DATASET below:

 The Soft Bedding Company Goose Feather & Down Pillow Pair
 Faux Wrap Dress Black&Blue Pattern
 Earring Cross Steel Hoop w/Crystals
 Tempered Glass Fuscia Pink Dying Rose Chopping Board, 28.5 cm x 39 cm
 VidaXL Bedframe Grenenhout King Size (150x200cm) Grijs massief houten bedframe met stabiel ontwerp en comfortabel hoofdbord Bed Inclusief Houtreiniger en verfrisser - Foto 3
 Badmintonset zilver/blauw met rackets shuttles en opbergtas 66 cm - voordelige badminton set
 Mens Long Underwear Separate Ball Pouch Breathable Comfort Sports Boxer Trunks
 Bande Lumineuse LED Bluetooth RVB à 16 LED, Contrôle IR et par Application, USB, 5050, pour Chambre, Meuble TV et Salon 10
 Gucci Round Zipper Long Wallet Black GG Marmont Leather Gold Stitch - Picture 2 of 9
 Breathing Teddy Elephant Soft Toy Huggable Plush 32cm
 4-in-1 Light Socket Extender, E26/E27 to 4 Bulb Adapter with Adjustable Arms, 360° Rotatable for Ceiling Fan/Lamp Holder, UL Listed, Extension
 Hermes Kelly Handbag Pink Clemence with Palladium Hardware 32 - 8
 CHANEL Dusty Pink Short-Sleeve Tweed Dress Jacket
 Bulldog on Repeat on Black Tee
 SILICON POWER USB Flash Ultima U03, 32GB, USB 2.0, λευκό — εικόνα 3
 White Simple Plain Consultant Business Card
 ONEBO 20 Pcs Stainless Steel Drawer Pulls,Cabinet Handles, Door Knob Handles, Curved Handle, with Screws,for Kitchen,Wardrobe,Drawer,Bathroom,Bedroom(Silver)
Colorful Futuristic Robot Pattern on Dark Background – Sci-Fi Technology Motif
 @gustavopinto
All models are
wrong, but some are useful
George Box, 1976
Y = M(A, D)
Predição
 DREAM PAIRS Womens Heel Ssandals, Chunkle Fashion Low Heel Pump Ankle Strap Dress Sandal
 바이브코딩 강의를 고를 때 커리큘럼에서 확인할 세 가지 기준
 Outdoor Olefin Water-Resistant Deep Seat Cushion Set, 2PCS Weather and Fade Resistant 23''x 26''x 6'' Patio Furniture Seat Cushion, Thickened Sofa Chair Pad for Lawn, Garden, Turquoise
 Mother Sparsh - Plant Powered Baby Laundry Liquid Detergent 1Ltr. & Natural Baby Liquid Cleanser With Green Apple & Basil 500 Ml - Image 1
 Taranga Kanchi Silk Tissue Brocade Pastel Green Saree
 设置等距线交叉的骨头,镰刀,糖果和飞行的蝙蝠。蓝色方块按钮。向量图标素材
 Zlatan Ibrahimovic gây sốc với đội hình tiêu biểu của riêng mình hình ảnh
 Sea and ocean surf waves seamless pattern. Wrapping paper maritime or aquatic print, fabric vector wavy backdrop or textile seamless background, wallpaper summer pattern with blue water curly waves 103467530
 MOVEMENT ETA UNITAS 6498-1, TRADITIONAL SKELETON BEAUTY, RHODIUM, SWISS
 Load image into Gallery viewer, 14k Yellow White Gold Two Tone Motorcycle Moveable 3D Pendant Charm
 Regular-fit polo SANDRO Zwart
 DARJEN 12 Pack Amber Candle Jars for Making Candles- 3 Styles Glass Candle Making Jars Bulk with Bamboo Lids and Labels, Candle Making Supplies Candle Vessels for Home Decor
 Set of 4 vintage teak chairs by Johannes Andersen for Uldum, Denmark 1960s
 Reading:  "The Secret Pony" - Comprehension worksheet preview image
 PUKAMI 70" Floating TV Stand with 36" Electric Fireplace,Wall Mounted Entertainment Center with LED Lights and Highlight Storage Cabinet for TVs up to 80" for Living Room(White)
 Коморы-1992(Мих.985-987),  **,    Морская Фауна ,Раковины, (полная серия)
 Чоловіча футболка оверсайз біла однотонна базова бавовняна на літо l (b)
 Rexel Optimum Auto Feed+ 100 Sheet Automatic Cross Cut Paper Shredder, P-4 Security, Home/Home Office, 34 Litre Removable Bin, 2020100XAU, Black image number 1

End of DATASET.

* _TASK BRIEF_
Look back at the entries above and repeat, unchanged, every line from the line holding "MOVEMENT ETA UNITAS" through the line holding "Regular-fit polo SANDRO Zwart".

* _ANSWER SECTION_
 MOVEMENT ETA UNITAS 6498-1, TRADITIONAL SKELETON BEAUTY, RHODIUM, SWISS
 Load image into Gallery viewer, 14k Yellow White Gold Two Tone Motorcycle Moveable 3D Pendant Charm
 Regular-fit polo SANDRO Zwart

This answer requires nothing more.